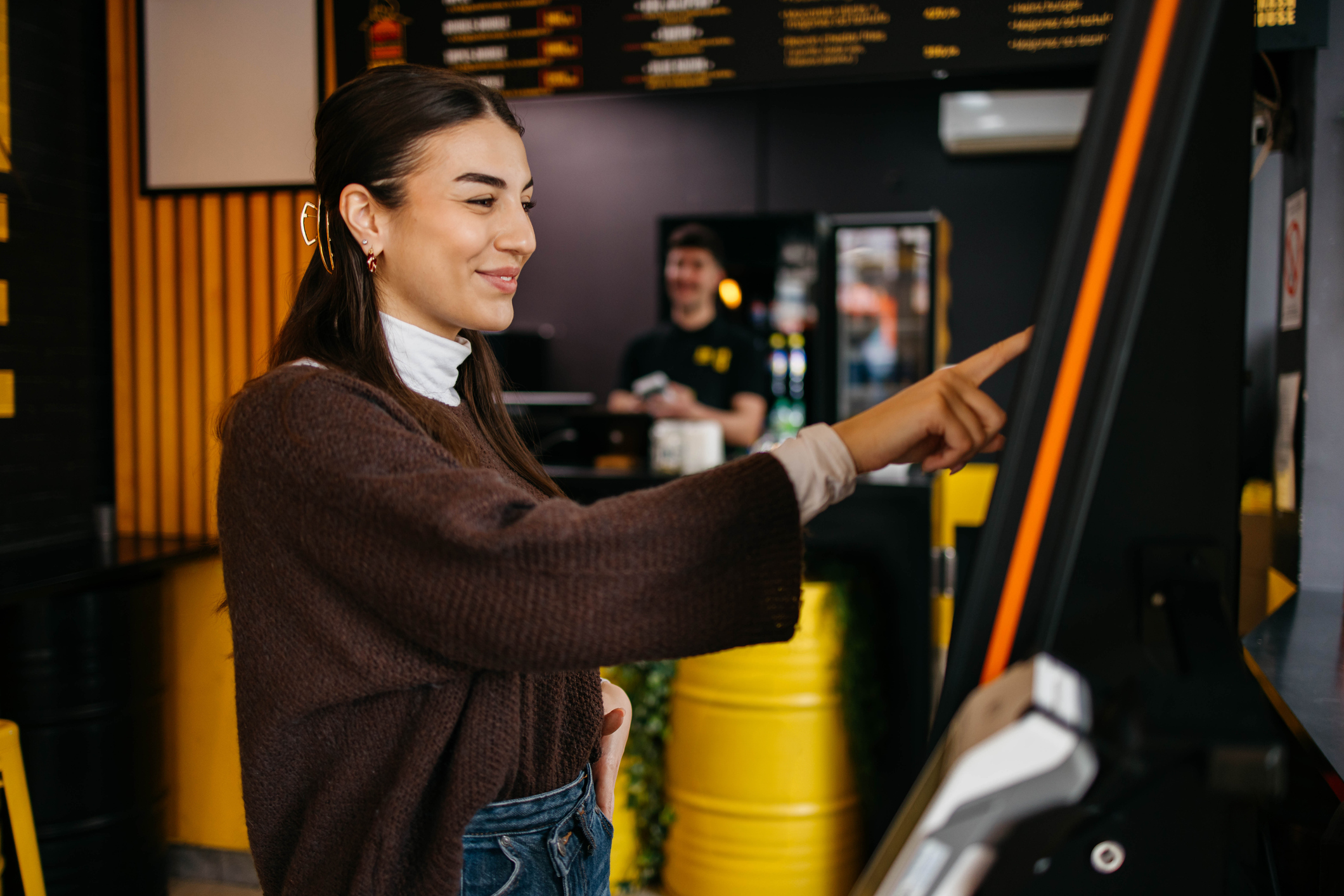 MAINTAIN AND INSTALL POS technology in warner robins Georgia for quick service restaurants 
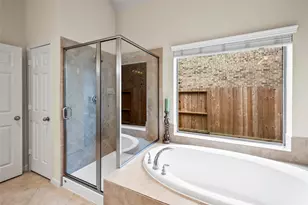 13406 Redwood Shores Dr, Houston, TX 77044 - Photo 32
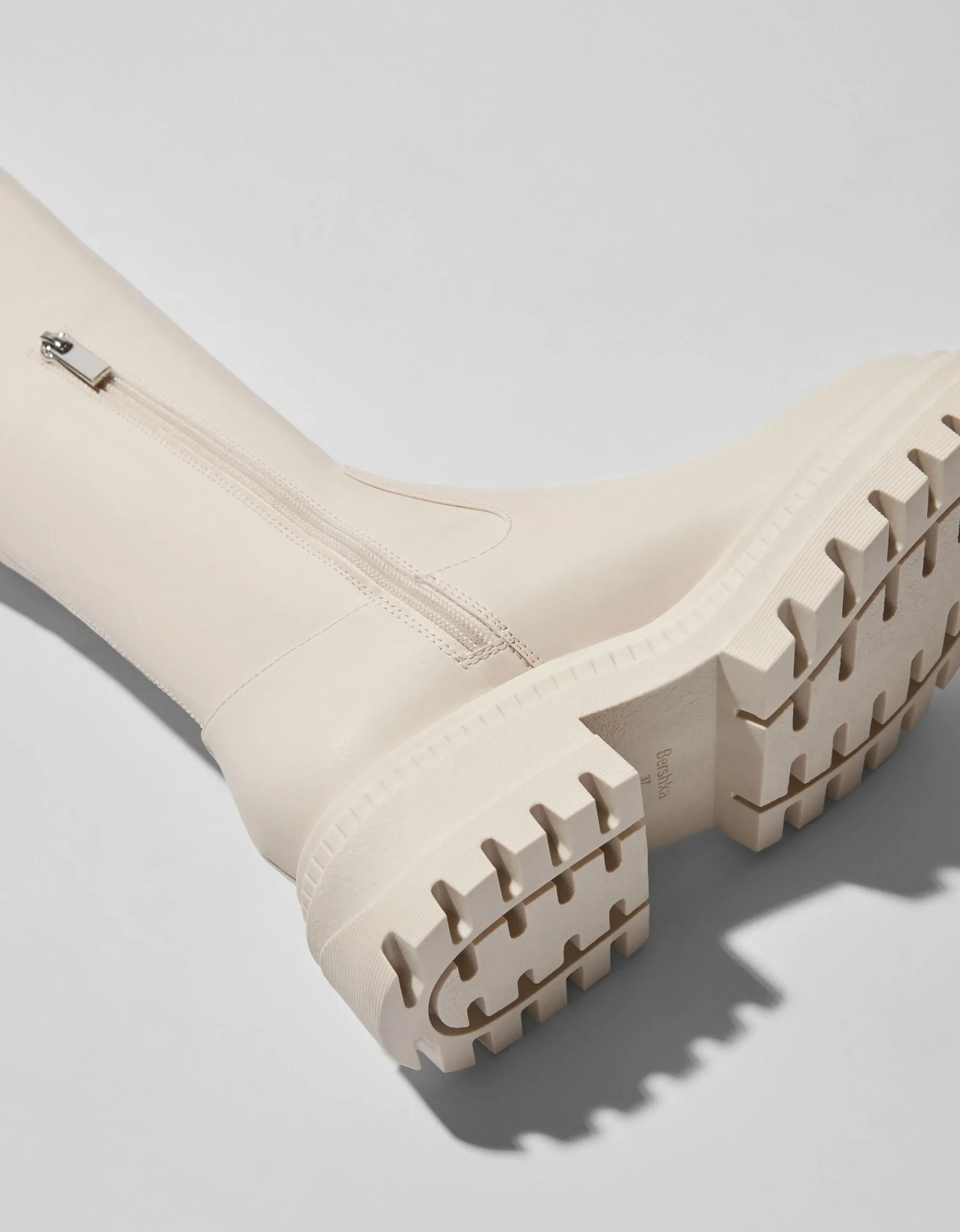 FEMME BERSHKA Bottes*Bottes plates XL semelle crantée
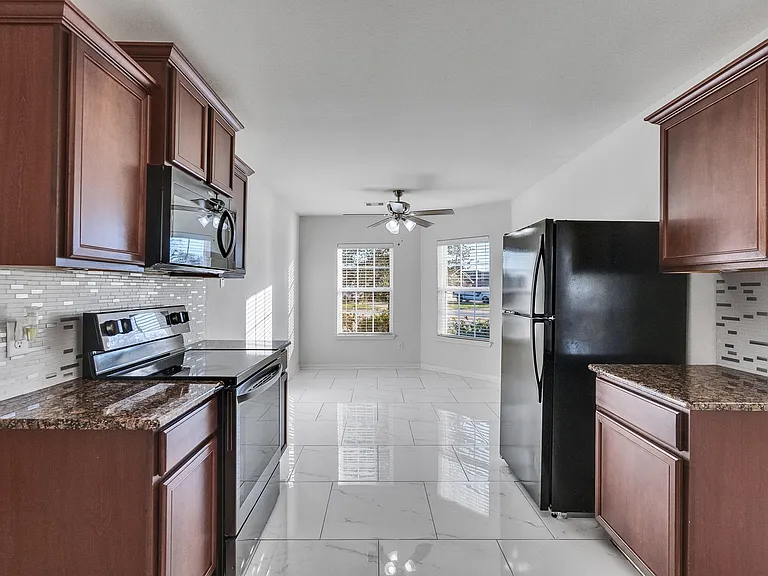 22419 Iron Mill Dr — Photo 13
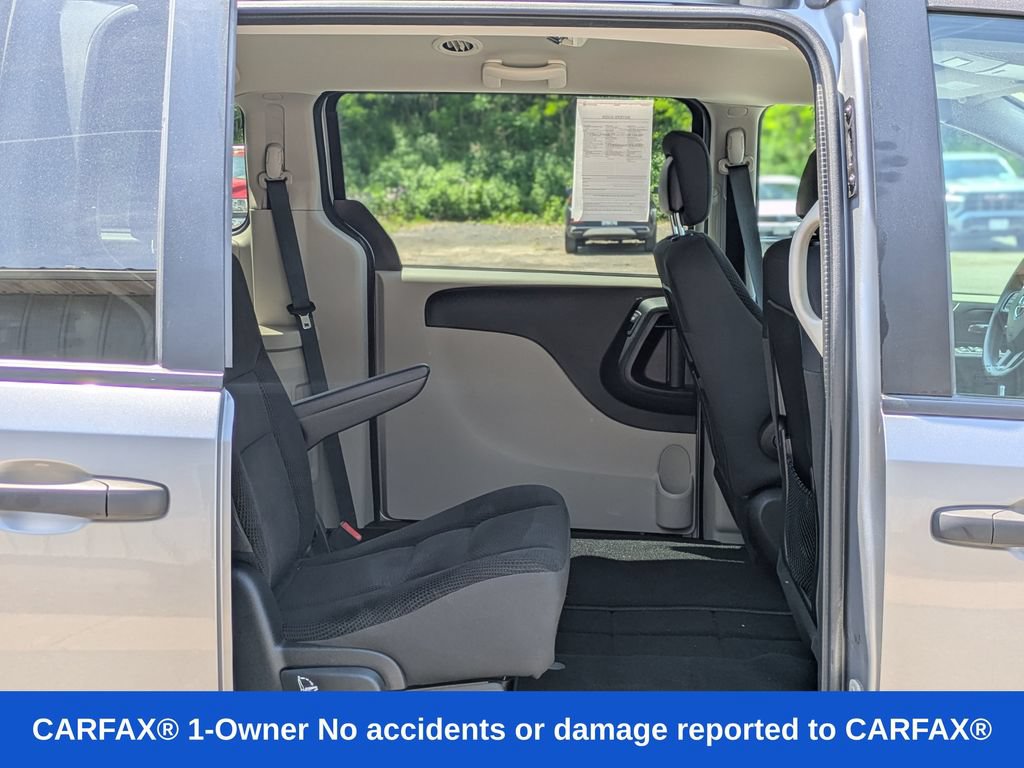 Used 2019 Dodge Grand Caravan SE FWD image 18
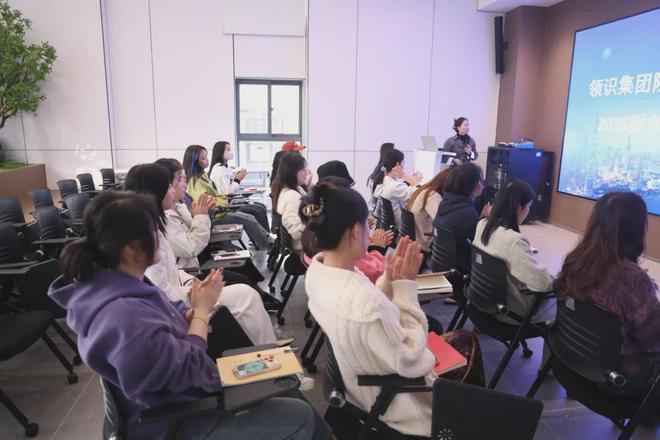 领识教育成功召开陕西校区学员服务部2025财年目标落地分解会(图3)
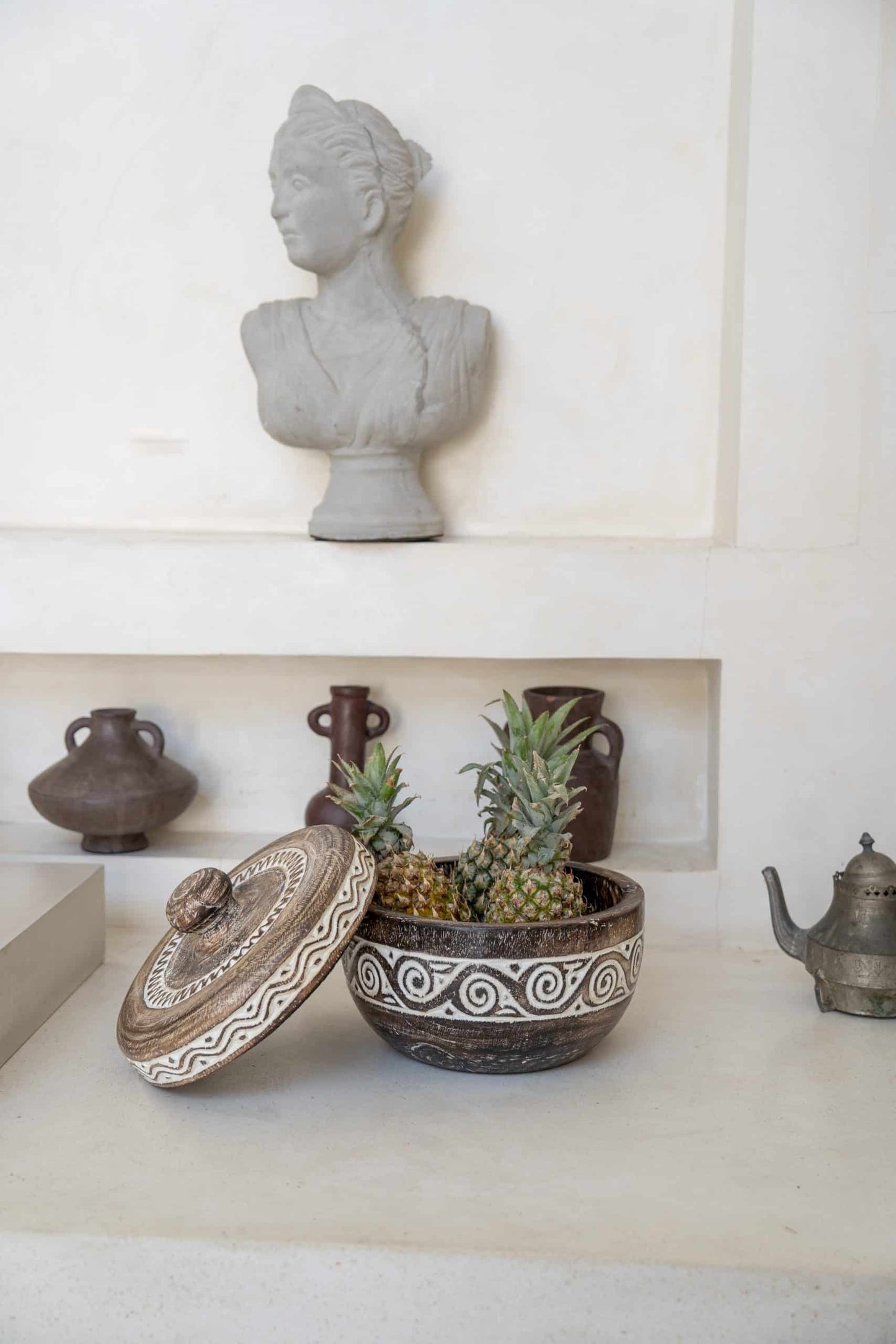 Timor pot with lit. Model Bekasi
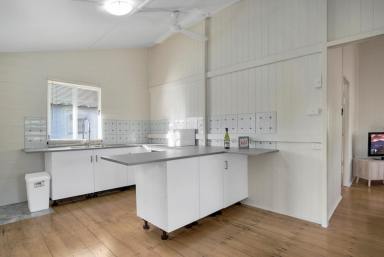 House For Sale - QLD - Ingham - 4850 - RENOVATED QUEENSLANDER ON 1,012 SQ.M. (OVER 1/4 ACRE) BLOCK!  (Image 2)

------------

* _WORK INSTRUCTION_
The expected answer is the line with "领识教育成功召开陕西校区学员服务部2025财年目标落地分解会(图3)" followed by every remaining line of the listing, each restated exactly, with all pictures dropped.

* _WRITTEN RESPONSE_
 领识教育成功召开陕西校区学员服务部2025财年目标落地分解会(图3)
 Timor pot with lit. Model Bekasi
 House For Sale - QLD - Ingham - 4850 - RENOVATED QUEENSLANDER ON 1,012 SQ.M. (OVER 1/4 ACRE) BLOCK!  (Image 2)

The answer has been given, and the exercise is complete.